To further enhance the magic of the new work, Wheeldon and his team will also utilize the skills of puppeteer Basil Twist, who has worked on the Harry Potter movies, among many other stage productions and puppet shows. Twist’s role in the production is shrouded in secrecy. When asked what his main projects will be in the new production, he quickly says, “Chris doesn’t want me to say exactly what I’m doing, so I don’t want to spill the beans. I’m a puppeteer but I work in an expanded definition of puppetry which has sort of sense of animation and bringing things to life. It’s more a question of a low tech stagecraft, magic and illusion. So I fit between lots of different departments. I’m kind of like the sprinkles on top. I work with projections. I work with the lights, I work with the costumes, props. I get to work in the rehearsal room with the dancers, so I’m kind of all over.” Of the scenic enchantment he will create for the production Twist says, “(The Nutcracker) was a really powerful childhood experience of stagecraft for me, of seeing the tree grow and seeing the magic that happens on stage.” Audiences can anticipate Twist’s particular brand of magic peppered throughout the new production.
The full artistic team joining Wheeldon on this journey includes Tony Award-nominated set and costume designer Julian Crouch, Caldecott Medal Award-winning author Brian Selznick, Obie and Drama Desk Award-winning puppeteer Basil Twist, five-time Tony Award-winning lighting designer Natasha Katz, and Tony Award-winning projection designer Ben Pearcy.

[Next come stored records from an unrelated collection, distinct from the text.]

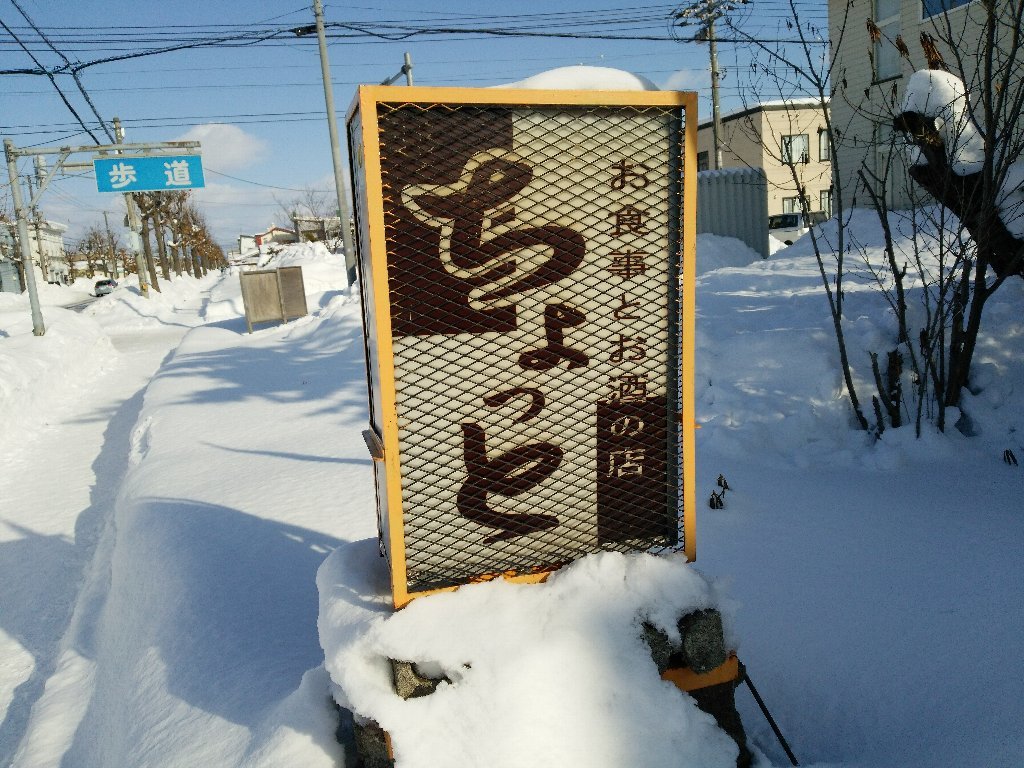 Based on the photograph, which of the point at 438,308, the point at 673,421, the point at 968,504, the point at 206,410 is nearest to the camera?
the point at 438,308

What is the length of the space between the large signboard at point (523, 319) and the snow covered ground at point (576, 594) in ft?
0.77

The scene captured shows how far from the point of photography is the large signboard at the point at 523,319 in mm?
2197

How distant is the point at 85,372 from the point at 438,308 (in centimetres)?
1445

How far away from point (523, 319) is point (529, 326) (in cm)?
3

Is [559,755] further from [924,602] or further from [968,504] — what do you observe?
[968,504]

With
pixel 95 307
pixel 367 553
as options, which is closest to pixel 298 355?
pixel 367 553

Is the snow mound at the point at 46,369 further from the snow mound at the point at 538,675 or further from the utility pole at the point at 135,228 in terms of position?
the utility pole at the point at 135,228

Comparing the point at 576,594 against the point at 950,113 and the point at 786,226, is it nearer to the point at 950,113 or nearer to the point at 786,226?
the point at 950,113

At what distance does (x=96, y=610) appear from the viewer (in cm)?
440

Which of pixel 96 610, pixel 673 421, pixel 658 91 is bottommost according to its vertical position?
pixel 96 610

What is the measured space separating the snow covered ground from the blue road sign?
9.39 meters

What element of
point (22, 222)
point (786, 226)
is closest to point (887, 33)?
point (786, 226)

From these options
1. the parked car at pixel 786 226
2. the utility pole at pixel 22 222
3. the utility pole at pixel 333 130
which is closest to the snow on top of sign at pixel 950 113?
the utility pole at pixel 333 130

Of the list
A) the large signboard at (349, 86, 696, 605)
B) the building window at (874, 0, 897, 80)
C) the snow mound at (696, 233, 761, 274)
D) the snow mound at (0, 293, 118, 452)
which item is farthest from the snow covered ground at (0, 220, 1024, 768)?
the building window at (874, 0, 897, 80) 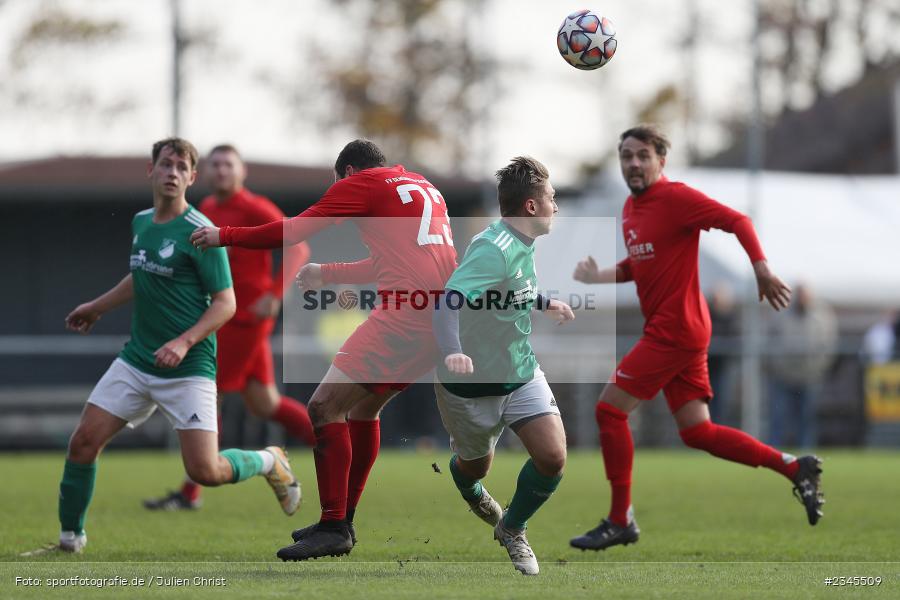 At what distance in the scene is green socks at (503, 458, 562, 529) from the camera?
22.5ft

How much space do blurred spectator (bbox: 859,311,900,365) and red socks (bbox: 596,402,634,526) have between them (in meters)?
11.8

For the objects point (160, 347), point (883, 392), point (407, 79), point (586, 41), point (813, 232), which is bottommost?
point (883, 392)

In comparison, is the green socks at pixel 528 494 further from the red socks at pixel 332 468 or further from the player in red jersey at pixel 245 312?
the player in red jersey at pixel 245 312

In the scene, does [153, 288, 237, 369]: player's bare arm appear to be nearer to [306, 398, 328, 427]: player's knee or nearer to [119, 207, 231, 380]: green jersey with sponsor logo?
[119, 207, 231, 380]: green jersey with sponsor logo

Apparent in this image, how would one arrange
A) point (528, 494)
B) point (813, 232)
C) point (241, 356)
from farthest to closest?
1. point (813, 232)
2. point (241, 356)
3. point (528, 494)

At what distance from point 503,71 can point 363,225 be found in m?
32.6

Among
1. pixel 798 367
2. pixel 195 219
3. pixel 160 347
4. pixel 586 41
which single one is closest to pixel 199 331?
pixel 160 347

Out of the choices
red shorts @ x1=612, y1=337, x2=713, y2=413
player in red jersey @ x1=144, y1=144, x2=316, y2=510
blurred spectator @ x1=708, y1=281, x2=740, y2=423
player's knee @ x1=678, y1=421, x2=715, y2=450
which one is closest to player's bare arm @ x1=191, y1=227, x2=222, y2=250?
red shorts @ x1=612, y1=337, x2=713, y2=413

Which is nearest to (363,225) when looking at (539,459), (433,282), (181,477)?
(433,282)

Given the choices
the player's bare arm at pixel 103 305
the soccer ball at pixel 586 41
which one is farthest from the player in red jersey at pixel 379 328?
the soccer ball at pixel 586 41

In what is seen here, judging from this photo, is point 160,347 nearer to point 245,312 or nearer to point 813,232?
point 245,312

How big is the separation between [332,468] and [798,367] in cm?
1308

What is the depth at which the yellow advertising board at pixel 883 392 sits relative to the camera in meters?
19.2

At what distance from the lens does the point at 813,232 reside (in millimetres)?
24469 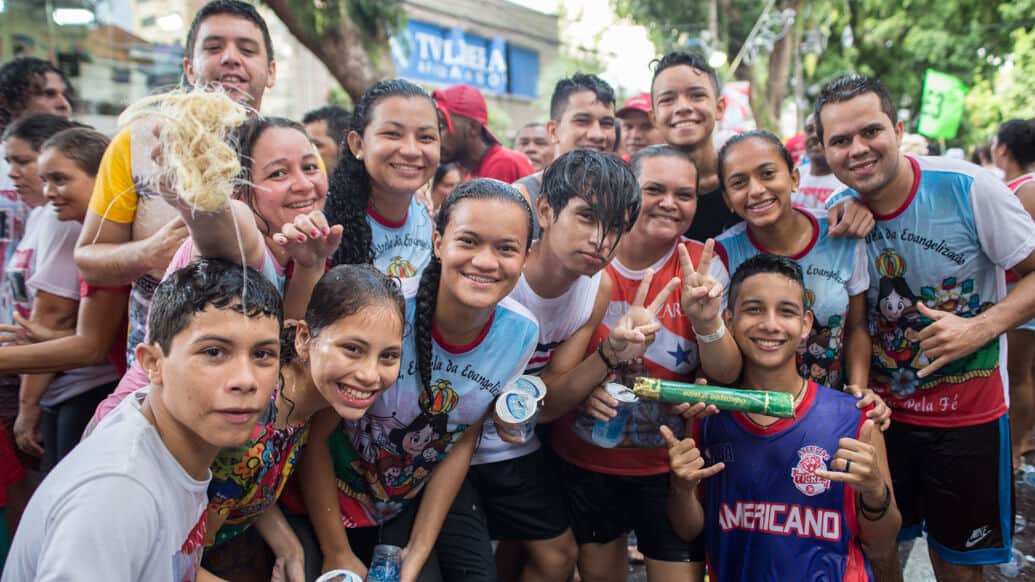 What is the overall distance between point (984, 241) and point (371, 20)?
6.41 metres

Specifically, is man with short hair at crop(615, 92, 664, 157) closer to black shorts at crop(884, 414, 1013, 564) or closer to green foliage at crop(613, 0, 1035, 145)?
black shorts at crop(884, 414, 1013, 564)

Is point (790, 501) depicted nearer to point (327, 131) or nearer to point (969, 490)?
point (969, 490)

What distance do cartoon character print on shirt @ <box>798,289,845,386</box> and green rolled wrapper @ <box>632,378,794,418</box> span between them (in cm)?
58

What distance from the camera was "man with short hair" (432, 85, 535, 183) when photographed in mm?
4617

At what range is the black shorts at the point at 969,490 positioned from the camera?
2.86 metres

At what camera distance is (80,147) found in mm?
2824

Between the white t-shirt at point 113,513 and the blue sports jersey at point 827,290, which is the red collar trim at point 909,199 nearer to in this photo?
the blue sports jersey at point 827,290

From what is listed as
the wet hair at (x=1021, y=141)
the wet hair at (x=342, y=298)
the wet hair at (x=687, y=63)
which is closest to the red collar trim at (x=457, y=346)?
the wet hair at (x=342, y=298)

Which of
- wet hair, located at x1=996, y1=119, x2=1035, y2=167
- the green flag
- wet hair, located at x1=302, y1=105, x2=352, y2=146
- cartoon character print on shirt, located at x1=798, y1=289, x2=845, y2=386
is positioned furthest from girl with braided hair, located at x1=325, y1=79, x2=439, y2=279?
the green flag

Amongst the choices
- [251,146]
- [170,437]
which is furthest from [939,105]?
[170,437]

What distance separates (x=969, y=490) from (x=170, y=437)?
3.08m

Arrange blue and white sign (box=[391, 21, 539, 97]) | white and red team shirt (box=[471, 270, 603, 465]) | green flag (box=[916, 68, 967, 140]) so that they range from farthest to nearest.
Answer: blue and white sign (box=[391, 21, 539, 97]) < green flag (box=[916, 68, 967, 140]) < white and red team shirt (box=[471, 270, 603, 465])

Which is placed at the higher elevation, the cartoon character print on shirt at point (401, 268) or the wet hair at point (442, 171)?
the wet hair at point (442, 171)

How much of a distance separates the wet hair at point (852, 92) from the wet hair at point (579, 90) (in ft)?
4.42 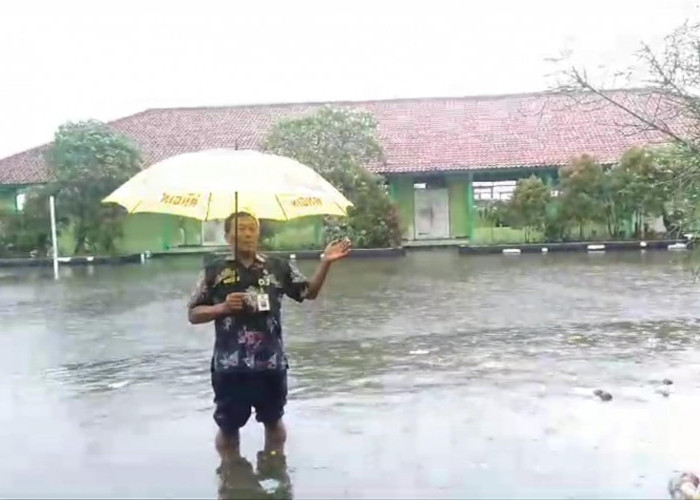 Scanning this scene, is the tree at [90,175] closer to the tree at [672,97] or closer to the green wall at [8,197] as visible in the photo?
the green wall at [8,197]

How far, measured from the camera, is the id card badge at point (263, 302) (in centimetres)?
483

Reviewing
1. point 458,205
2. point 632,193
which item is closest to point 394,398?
point 632,193

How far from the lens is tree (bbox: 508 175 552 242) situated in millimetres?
27359

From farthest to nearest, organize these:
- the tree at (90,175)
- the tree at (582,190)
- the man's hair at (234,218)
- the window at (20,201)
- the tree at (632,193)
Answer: the window at (20,201) → the tree at (90,175) → the tree at (582,190) → the tree at (632,193) → the man's hair at (234,218)

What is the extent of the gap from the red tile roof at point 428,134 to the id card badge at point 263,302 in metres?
23.5

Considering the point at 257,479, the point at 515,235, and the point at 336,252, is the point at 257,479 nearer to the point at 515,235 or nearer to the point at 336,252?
the point at 336,252

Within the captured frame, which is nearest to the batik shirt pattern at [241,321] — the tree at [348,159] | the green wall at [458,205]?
the tree at [348,159]

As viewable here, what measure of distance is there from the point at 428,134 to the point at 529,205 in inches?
239

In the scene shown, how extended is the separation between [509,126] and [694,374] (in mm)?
25126

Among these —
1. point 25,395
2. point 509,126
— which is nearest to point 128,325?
point 25,395

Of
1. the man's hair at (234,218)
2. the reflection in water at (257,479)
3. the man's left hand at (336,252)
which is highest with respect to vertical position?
the man's hair at (234,218)

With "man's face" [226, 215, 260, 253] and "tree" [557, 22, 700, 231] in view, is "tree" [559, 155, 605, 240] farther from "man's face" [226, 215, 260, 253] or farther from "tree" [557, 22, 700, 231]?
"man's face" [226, 215, 260, 253]

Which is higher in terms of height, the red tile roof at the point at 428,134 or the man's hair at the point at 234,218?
the red tile roof at the point at 428,134

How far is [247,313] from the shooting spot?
4844 mm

Ashley Wheater elaborates in an announcement about the dynamic new creative team: "The Nutcracker has remained very close to my heart ever since I danced in the world premiere of Robert Joffrey's production in 1987. I have danced in many Nutcrackers through the years and understand the power of a good story, well told. We tell stories in a different way today. Dancers’ training and skills are a hybrid of classical technique and contemporary, athletic movement. We benefit from innovative theater technologies. We live in a diverse and rapidly changing world. Our storytelling must recognize these changes.” Underscoring these changes to dramatic effect, and creating a strong sense of anticipation for the new work, The Joffrey team brought “snow” falling on a group of gathered writers, dancers and students on the Auditorium Theater Stage at the production announcement in April. As the Chicago Philharmonic played the crowd off of the grand stage, snow from the production gently wafted onto the stage as a whimsical reminder that we’re in for a grand treat come December.